The suit is predicated on a provision in the Trust Indenture executed by the District in issuing the Bonds, wherein the District agreed that, under certain conditions, it would increase the rate of the license fees as directed by holders of not less than two-thirds of the Bonds to a level that would yield at least 100% of the maximum annual debt service requirement for the next succeeding bond year. The parties agree that such a request was made by the Certificate Trust servicer in April 2011, but that the District failed to act on or implement the bondholders' directive within the 90-day period specified in the Trust Indenture. This action followed.

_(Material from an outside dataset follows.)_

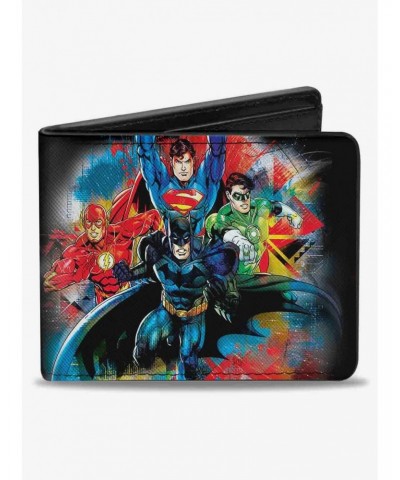 DC Comics Justice League 4 Superhero Group Splatter Logo Bifold Wallet $6.48 Wallets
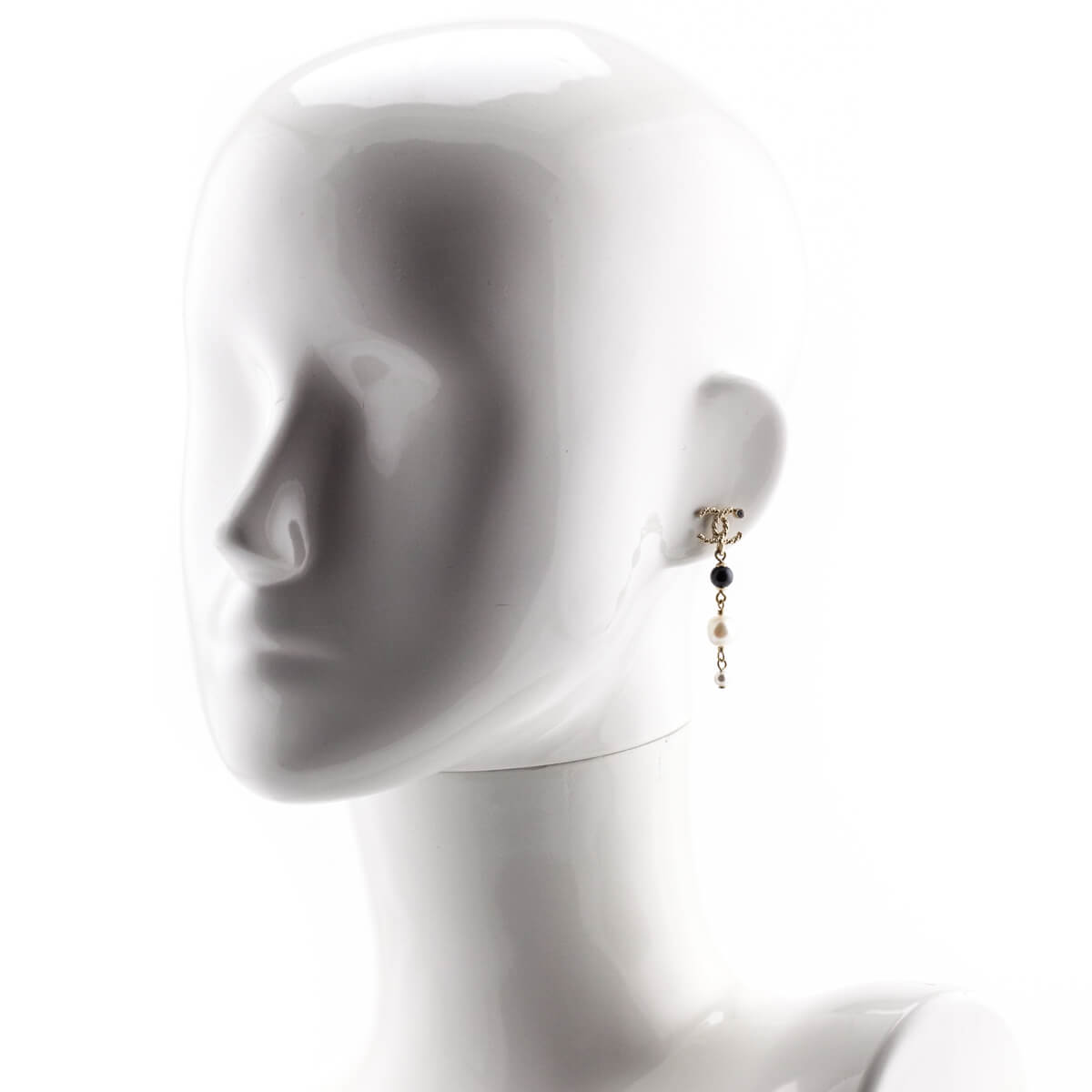 Chanel Gold Faux Pearl & Crystal Embellished CC Drop Earrings - Love that Bag etc - Preowned Authentic Designer Handbags & Preloved Fashions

By bringing this action in federal court, U.S. Bank alleged that subject-matter jurisdiction was proper on diversity of citizenship grounds, pursuant to 28 U.S.C. § 1332. With the amount in controversy threshold obviously satisfied, U.S. Bank asserted that complete diversity is present because U.S. Bank is a citizen of Ohio for diversity purposes, while the District is an Alabama citizen. Neither party's citizenship appears in question. Nonetheless, in initial briefing on the Motion for Preliminary Injunction, the District challenged whether U.S. Bank's citizenship even matters, or whether the real party in interest is the Certificate Trust. If the latter is true, then the Certificate Trust beneficiaries' citizenship must be considered in the jurisdictional inquiry, with potentially diversity-destroying consequences. In an Order (doc. 26) entered on August 26, 2011, the undersigned expressed concern as to whether U.S. Bank (as trustee) is in fact the real party in interest under applicable law, and directed supplemental briefing on that jurisdictional question. Such supplemental briefing is now concluded.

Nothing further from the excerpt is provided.